Tried ordering one last term as it were rank even though it ha loads of good reviews online. 

Haaaalp!


----------



## purenarcotic (Jan 11, 2013)

We like Masala Works, but I dunno if they deliver to where you are. 

It's very hit and miss, you have to sort of try a few and eventually you'll hit on one you like.  We don't order a lot of veggie stuff so I can only really comment on the meat stuff.

The Bay Leaf is lovely, quite pricey though.


----------



## Kidda (Jan 11, 2013)

purenarcotic said:


> The Bay Leaf is lovely, quite pricey though.


 
Best onion salad EVER


----------



## purenarcotic (Jan 11, 2013)

Kidda said:


> Best onion salad EVER


 
I won't make you a birthday cake, I'm just going to make you a giant onion salad.


----------



## Blagsta (Jan 11, 2013)

Jyoti's

http://www.jyotis.co.uk/


----------



## Dr Nookie (Feb 18, 2013)

I still pine for Kushi on the Moseley Road.
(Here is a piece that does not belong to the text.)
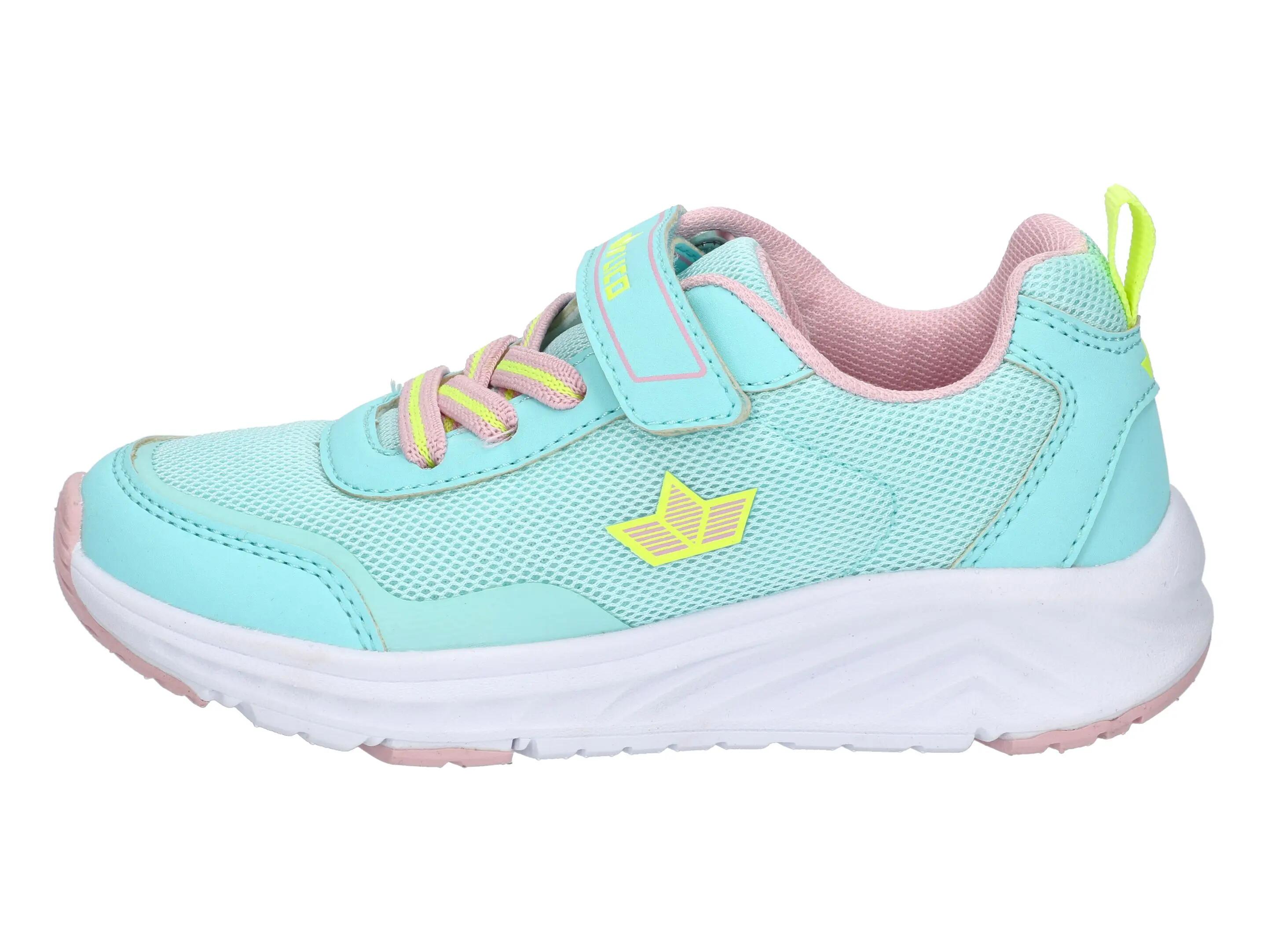 Sneakers - Kinderen - Marin VS - Klittenband, elastische veters 2/6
Absolutely, without doubt, the best curry I've had in my life and if I ever win the lottery then yes, I will be getting Noel Edmonds to fly tinfoil containers of their Balti Mushroom to my Streatham gaff every Friday night!


----------



## Kidda (Feb 18, 2013)

Dr Nookie said:


> I still pine for Kushi on the Moseley Road. Absolutely, without doubt, the best curry I've had in my life and if I ever win the lottery then yes, I will be getting Noel Edmonds to fly tinfoil containers of their Balti Mushroom to my Streatham gaff every Friday night!


 
They used to be our favourite and then it started to go downhill.


----------



## Dr Nookie (Feb 18, 2013)

Kidda said:


> They used to be our favourite and then it started to go downhill.


 
Oh no, really? Me and my housemates were such regulars there in the 1990's that they used to send us a Christmas card!
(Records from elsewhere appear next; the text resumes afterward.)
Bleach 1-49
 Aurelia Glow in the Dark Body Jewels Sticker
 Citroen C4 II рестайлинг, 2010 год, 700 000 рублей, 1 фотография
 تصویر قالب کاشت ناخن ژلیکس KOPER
My last balti there was probably about three years ago and it was still lovely. Gutted to hear they're no longer as glorious as they once were.


----------



## stuff_it (Feb 18, 2013)

Blagsta said:


> Jyoti's
> 
> http://www.jyotis.co.uk/


That looks good. I will try that one next.


----------



## purenarcotic (Feb 18, 2013)

Dr Nookie said:


> Oh no, really? Me and my housemates were such regulars there in the 1990's that they used to send us a Christmas card!
> 
> My last balti there was probably about three years ago and it was still lovely. Gutted to hear they're no longer as glorious as they once were.



It went a bit downhill a year or so ago I. Real shame, we loved them.


----------



## moonsi til (Feb 22, 2013)

I like Chennai Dosa on the Hagley Rd but I don't think they deliver. Worth a visit though. www.chennaidosa.com


----------



## baldrick (Feb 22, 2013)

Where in Brum are you?


----------